[Records excerpted from a collection]
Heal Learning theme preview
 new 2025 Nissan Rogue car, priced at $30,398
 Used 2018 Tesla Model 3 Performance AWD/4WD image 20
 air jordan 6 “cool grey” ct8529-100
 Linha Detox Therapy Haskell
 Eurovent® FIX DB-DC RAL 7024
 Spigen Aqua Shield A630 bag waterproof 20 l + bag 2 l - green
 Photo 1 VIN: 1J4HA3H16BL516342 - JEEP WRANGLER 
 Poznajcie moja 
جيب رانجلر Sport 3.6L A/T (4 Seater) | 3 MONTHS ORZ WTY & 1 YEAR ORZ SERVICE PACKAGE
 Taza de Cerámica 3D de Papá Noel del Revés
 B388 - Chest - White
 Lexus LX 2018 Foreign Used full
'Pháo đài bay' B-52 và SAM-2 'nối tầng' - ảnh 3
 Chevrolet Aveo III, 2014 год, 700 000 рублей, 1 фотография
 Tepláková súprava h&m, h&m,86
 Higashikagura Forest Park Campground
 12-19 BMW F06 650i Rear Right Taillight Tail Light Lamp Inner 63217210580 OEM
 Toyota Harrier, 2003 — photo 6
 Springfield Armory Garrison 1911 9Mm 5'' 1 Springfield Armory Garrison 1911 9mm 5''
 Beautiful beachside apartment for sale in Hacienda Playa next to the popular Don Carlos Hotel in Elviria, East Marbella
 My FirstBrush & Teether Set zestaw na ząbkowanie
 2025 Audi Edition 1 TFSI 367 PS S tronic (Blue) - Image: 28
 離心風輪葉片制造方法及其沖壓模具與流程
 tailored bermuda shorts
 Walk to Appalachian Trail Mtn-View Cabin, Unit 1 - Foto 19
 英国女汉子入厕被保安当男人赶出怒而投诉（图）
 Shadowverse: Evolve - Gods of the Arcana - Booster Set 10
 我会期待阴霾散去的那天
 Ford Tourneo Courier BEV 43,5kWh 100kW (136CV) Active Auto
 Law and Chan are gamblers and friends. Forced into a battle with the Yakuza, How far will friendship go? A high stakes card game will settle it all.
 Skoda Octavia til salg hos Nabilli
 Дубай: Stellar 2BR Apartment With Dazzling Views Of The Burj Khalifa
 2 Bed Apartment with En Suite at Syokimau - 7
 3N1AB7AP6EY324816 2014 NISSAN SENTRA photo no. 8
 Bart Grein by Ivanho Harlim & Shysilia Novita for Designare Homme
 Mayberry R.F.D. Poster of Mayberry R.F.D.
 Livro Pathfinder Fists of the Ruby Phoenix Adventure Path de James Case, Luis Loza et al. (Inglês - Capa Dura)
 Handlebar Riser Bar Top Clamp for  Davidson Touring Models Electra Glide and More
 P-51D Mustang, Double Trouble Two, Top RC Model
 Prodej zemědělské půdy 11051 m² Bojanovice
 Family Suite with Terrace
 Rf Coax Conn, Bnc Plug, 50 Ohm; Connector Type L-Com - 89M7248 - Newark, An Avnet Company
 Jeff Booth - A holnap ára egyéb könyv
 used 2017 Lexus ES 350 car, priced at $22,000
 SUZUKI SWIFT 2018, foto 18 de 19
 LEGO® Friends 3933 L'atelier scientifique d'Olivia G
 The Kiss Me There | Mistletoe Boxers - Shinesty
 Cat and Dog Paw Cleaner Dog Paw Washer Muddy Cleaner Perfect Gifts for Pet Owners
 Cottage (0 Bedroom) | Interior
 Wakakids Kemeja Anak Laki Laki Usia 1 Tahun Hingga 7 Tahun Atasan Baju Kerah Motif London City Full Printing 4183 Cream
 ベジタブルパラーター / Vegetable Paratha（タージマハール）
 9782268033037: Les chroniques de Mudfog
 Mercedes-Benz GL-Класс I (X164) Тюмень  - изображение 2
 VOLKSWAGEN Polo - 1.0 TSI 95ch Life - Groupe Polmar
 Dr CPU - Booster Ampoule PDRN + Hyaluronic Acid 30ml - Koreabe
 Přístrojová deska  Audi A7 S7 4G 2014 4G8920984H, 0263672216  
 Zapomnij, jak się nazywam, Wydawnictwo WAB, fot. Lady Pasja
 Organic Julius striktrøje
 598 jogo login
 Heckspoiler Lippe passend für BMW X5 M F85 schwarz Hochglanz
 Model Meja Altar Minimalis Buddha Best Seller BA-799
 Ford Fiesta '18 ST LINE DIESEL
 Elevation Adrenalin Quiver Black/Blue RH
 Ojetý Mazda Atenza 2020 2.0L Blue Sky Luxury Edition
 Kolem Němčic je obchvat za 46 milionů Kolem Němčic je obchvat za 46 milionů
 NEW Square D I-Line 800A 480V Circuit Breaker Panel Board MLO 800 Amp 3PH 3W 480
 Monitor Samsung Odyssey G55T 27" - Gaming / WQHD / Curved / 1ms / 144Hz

Directions for this task »
Each record above is to be written out again exactly.

Output for this task »
Heal Learning theme preview
 new 2025 Nissan Rogue car, priced at $30,398
 Used 2018 Tesla Model 3 Performance AWD/4WD image 20
 air jordan 6 “cool grey” ct8529-100
 Linha Detox Therapy Haskell
 Eurovent® FIX DB-DC RAL 7024
 Spigen Aqua Shield A630 bag waterproof 20 l + bag 2 l - green
 Photo 1 VIN: 1J4HA3H16BL516342 - JEEP WRANGLER 
 Poznajcie moja 
جيب رانجلر Sport 3.6L A/T (4 Seater) | 3 MONTHS ORZ WTY & 1 YEAR ORZ SERVICE PACKAGE
 Taza de Cerámica 3D de Papá Noel del Revés
 B388 - Chest - White
 Lexus LX 2018 Foreign Used full
'Pháo đài bay' B-52 và SAM-2 'nối tầng' - ảnh 3
 Chevrolet Aveo III, 2014 год, 700 000 рублей, 1 фотография
 Tepláková súprava h&m, h&m,86
 Higashikagura Forest Park Campground
 12-19 BMW F06 650i Rear Right Taillight Tail Light Lamp Inner 63217210580 OEM
 Toyota Harrier, 2003 — photo 6
 Springfield Armory Garrison 1911 9Mm 5'' 1 Springfield Armory Garrison 1911 9mm 5''
 Beautiful beachside apartment for sale in Hacienda Playa next to the popular Don Carlos Hotel in Elviria, East Marbella
 My FirstBrush & Teether Set zestaw na ząbkowanie
 2025 Audi Edition 1 TFSI 367 PS S tronic (Blue) - Image: 28
 離心風輪葉片制造方法及其沖壓模具與流程
 tailored bermuda shorts
 Walk to Appalachian Trail Mtn-View Cabin, Unit 1 - Foto 19
 英国女汉子入厕被保安当男人赶出怒而投诉（图）
 Shadowverse: Evolve - Gods of the Arcana - Booster Set 10
 我会期待阴霾散去的那天
 Ford Tourneo Courier BEV 43,5kWh 100kW (136CV) Active Auto
 Law and Chan are gamblers and friends. Forced into a battle with the Yakuza, How far will friendship go? A high stakes card game will settle it all.
 Skoda Octavia til salg hos Nabilli
 Дубай: Stellar 2BR Apartment With Dazzling Views Of The Burj Khalifa
 2 Bed Apartment with En Suite at Syokimau - 7
 3N1AB7AP6EY324816 2014 NISSAN SENTRA photo no. 8
 Bart Grein by Ivanho Harlim & Shysilia Novita for Designare Homme
 Mayberry R.F.D. Poster of Mayberry R.F.D.
 Livro Pathfinder Fists of the Ruby Phoenix Adventure Path de James Case, Luis Loza et al. (Inglês - Capa Dura)
 Handlebar Riser Bar Top Clamp for  Davidson Touring Models Electra Glide and More
 P-51D Mustang, Double Trouble Two, Top RC Model
 Prodej zemědělské půdy 11051 m² Bojanovice
 Family Suite with Terrace
 Rf Coax Conn, Bnc Plug, 50 Ohm; Connector Type L-Com - 89M7248 - Newark, An Avnet Company
 Jeff Booth - A holnap ára egyéb könyv
 used 2017 Lexus ES 350 car, priced at $22,000
 SUZUKI SWIFT 2018, foto 18 de 19
 LEGO® Friends 3933 L'atelier scientifique d'Olivia G
 The Kiss Me There | Mistletoe Boxers - Shinesty
 Cat and Dog Paw Cleaner Dog Paw Washer Muddy Cleaner Perfect Gifts for Pet Owners
 Cottage (0 Bedroom) | Interior
 Wakakids Kemeja Anak Laki Laki Usia 1 Tahun Hingga 7 Tahun Atasan Baju Kerah Motif London City Full Printing 4183 Cream
 ベジタブルパラーター / Vegetable Paratha（タージマハール）
 9782268033037: Les chroniques de Mudfog
 Mercedes-Benz GL-Класс I (X164) Тюмень  - изображение 2
 VOLKSWAGEN Polo - 1.0 TSI 95ch Life - Groupe Polmar
 Dr CPU - Booster Ampoule PDRN + Hyaluronic Acid 30ml - Koreabe
 Přístrojová deska  Audi A7 S7 4G 2014 4G8920984H, 0263672216  
 Zapomnij, jak się nazywam, Wydawnictwo WAB, fot. Lady Pasja
 Organic Julius striktrøje
 598 jogo login
 Heckspoiler Lippe passend für BMW X5 M F85 schwarz Hochglanz
 Model Meja Altar Minimalis Buddha Best Seller BA-799
 Ford Fiesta '18 ST LINE DIESEL
 Elevation Adrenalin Quiver Black/Blue RH
 Ojetý Mazda Atenza 2020 2.0L Blue Sky Luxury Edition
 Kolem Němčic je obchvat za 46 milionů Kolem Němčic je obchvat za 46 milionů
 NEW Square D I-Line 800A 480V Circuit Breaker Panel Board MLO 800 Amp 3PH 3W 480
 Monitor Samsung Odyssey G55T 27" - Gaming / WQHD / Curved / 1ms / 144Hz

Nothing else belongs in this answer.